### Task objective
Repeat the listing exactly. Any picture in it should be left out of the copy.

### Provided data
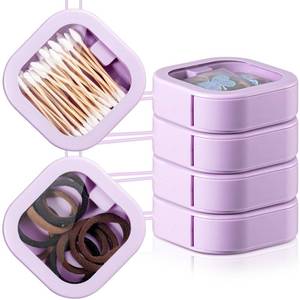 lot 6368 image: Kathfly 4 Pcs Purple Hair Tie Organizer Portable Hair Accessory Storage Containers Stackable Tie Bobby Pin Holder Home Cotton Swab Dispenser Accessories Jewelry Organizer Box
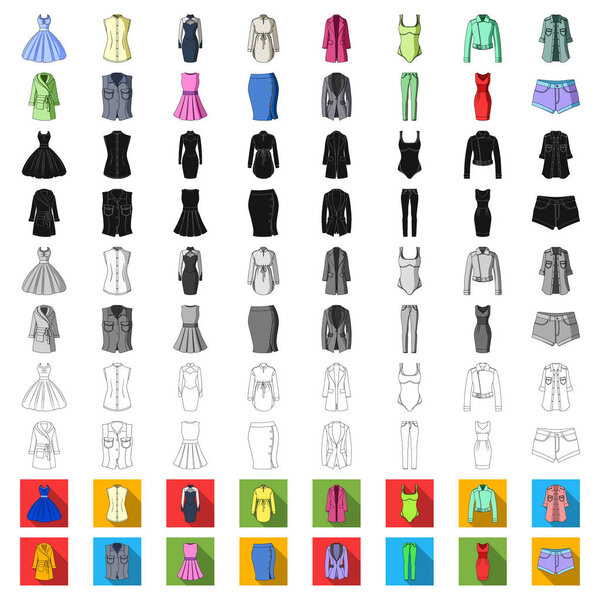 Women Clothing cartoon icons in set collection for design.Clothing Varieties and Accessories vector symbol stock web illustration.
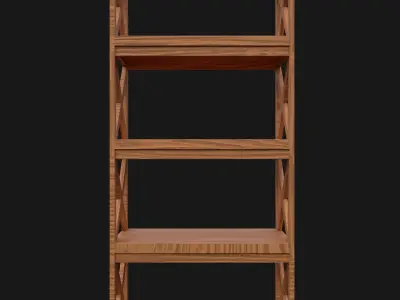 FREE Wooden bookcase Free low-poly 3D model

### Exercise solution
 lot 6368 image: Kathfly 4 Pcs Purple Hair Tie Organizer Portable Hair Accessory Storage Containers Stackable Tie Bobby Pin Holder Home Cotton Swab Dispenser Accessories Jewelry Organizer Box
 Women Clothing cartoon icons in set collection for design.Clothing Varieties and Accessories vector symbol stock web illustration.
 FREE Wooden bookcase Free low-poly 3D model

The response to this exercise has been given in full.